What’s new in 3.0#

Version 3.0 of the Montreal Forced Aligner changes the way MFA interacts with Kaldi, shifting from calling binaries to using Kalpy to provide access to Kaldi library functions and objects. This shift optimizes a number of processes, speeding up existing workflows and making new workflows like aligning single files without setting up a full corpus. See 3.0 Changelog for a more specific changes.

Kalpy#

Kalpy is a new library of Python bindings for the Kaldi libraries. In earlier versions of MFA, MFA relied on Kaldi executables to do everything involving Kaldi (i.e., compiling training graphs, aligning/transcribing files, computing LDA/fMLLR transforms), with MFA handling data preparation for corpora and lexicons. What this meant was that MFA would call binaries like gmm-align-compiled with command-line arguments pointing to objects stored on a hard disk like a file for the acoustic model, a file containing all the training graphs, or a file for features. OS pipes were used, but they are limited to being able to pass single streams of information to a binary. So if you wanted to pass an acoustic model, training graph, and features to gmm-align-compiled, you would have to write at least two of those to the disk in order to be loaded again by gmm-align-compiled. Overall, less than ideal.

Kalpy allows for MFA to call Kaldi functions directly from Python, with arbitrary arguments that don’t need to be serialized to the disk between MFA and Kaldi. This opens up a lot more possibilities for optimization and working with intermediate Kaldi objects.

Aligning single files#

One key possibility with using Kalpy is to better handle smaller use cases. MFA has been optimized heavily for large corpora (particularly the ones used to generate the pretrained models). That optimization does not work well for the use case of having a single file that needs to be aligned quickly, as the overhead from the setup dwarfs the actual processing time of the files, instead of vice versa.
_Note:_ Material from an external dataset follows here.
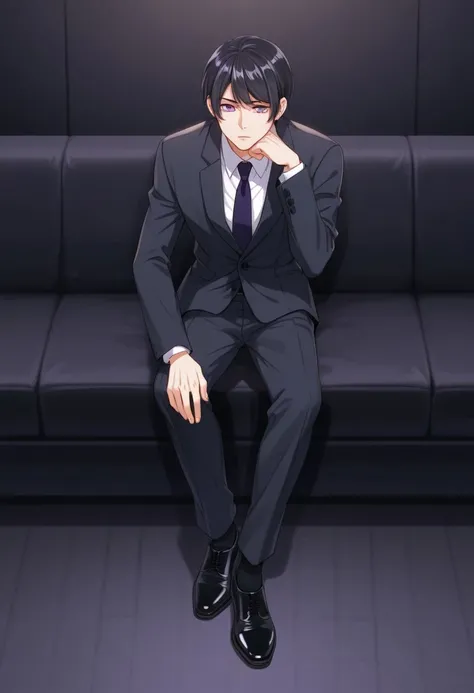 fusang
MFA 3.0 includes a new command line utility for aligning a single file. This utility doesn’t use any database structures or speaker information, so it should be much faster than creating corpora of single files and trying to align them. This command line utility is also light on creating temporary files, only caching the compiled lexicon FST. See Align a single file (mfa align_one) for more details.